Text generators, as you learned in Lesson 2, predict the next token based on patterns in language. But what does prediction even mean for images? A 512-pixel-wide image has 262,144 pixels, each with a color value — the 'vocabulary' of possible images is astronomically larger than the vocabulary of language. Yet image generators produce stunning, coherent visual art from a few words of description. The mechanism is brilliant, and understanding it will sharpen the way you use these tools.

Learning from Image-Caption Pairs

Modern image generators are trained on datasets containing hundreds of millions — sometimes billions — of images, each paired with a text caption or alt-text description. The model's job during training is to learn the relationship between visual content and language. It learns that 'a golden retriever on a beach at sunset' involves specific colors, textures, lighting conditions, compositions, and subject arrangements. It learns this not from rules written by artists, but from seeing the pattern play out across millions of examples. This joint training on images and text is what allows the model to accept a text prompt and produce a relevant image. The model has built a shared space where visual concepts and language concepts are tightly linked.

How Image Generators Learn

Image generators are trained on massive datasets of image-caption pairs. By learning to connect text descriptions with visual content across millions of examples, the model builds a shared conceptual space where language and imagery are linked — enabling it to create images from written descriptions.

The most widely used family of image generators today uses a technique called diffusion.
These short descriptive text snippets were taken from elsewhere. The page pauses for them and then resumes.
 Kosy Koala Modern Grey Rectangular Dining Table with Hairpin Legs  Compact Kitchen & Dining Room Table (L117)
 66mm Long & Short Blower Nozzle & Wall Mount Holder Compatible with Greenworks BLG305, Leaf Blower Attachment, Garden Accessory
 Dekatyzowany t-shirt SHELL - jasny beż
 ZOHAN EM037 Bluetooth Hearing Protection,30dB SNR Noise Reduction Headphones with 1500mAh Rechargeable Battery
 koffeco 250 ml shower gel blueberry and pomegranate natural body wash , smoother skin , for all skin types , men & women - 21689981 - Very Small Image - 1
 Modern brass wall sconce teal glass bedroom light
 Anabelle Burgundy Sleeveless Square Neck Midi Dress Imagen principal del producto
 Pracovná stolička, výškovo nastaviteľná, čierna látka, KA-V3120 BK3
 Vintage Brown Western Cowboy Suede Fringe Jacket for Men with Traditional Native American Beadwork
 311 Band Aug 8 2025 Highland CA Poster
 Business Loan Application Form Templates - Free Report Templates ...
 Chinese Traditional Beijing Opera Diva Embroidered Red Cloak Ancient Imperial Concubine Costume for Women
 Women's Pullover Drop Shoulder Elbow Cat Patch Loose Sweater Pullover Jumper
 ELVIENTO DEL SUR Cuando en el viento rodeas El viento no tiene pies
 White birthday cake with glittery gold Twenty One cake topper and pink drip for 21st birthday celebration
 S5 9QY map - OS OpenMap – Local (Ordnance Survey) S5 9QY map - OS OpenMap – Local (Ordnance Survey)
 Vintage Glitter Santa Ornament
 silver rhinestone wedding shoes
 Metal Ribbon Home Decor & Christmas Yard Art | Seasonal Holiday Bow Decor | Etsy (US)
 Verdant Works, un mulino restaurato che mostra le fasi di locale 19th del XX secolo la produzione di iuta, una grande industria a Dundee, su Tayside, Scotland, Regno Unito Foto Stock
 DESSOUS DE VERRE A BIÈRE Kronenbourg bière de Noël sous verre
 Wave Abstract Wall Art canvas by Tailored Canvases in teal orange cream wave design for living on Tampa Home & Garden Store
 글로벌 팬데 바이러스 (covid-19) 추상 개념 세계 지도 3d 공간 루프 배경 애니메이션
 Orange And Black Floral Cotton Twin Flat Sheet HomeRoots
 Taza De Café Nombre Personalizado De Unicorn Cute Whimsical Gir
Here is how it works, conceptually. During training, the model repeatedly takes a real image and adds random noise to it in controlled steps — like slowly frosting a window until you can no longer see through it. Then it learns to reverse this process: given a noisy image, predict what the clean image underneath looked like. By training on millions of examples of this noise-then-denoise cycle, the model becomes expert at reconstructing images from static. At generation time, the model starts with pure random noise — just static — and then runs the denoising process in reverse, guided by your text prompt. Each step makes the image slightly less noisy and slightly more aligned with your description. After 20 to 50 denoising steps, a coherent image emerges from what was pure randomness. The text prompt acts as a compass pointing the denoising process toward the right visual territory.

Why the Output Is Never Quite Real

Images produced by diffusion models have a distinctive character. They are often strikingly beautiful and eerily plausible — but they are not photographs. Close inspection typically reveals tells: hands with too many or too few fingers, teeth that blur strangely, text in images that is garbled, or backgrounds that become inconsistent at the edges. These artifacts happen because the model learned statistics, not physics. It knows that human faces have two eyes, a nose, and a mouth in roughly the right places — but it does not have a geometric model of the human hand that guarantees exactly five distinct fingers. When asked to generate something rare or compositionally complex, the statistical patterns can break down in interesting ways. This also explains why generated images do not contain real people in accurate situations. The model generates plausible likenesses based on patterns, not specific individuals. (Though this creates serious ethical issues — we will touch on those in Lesson 8.)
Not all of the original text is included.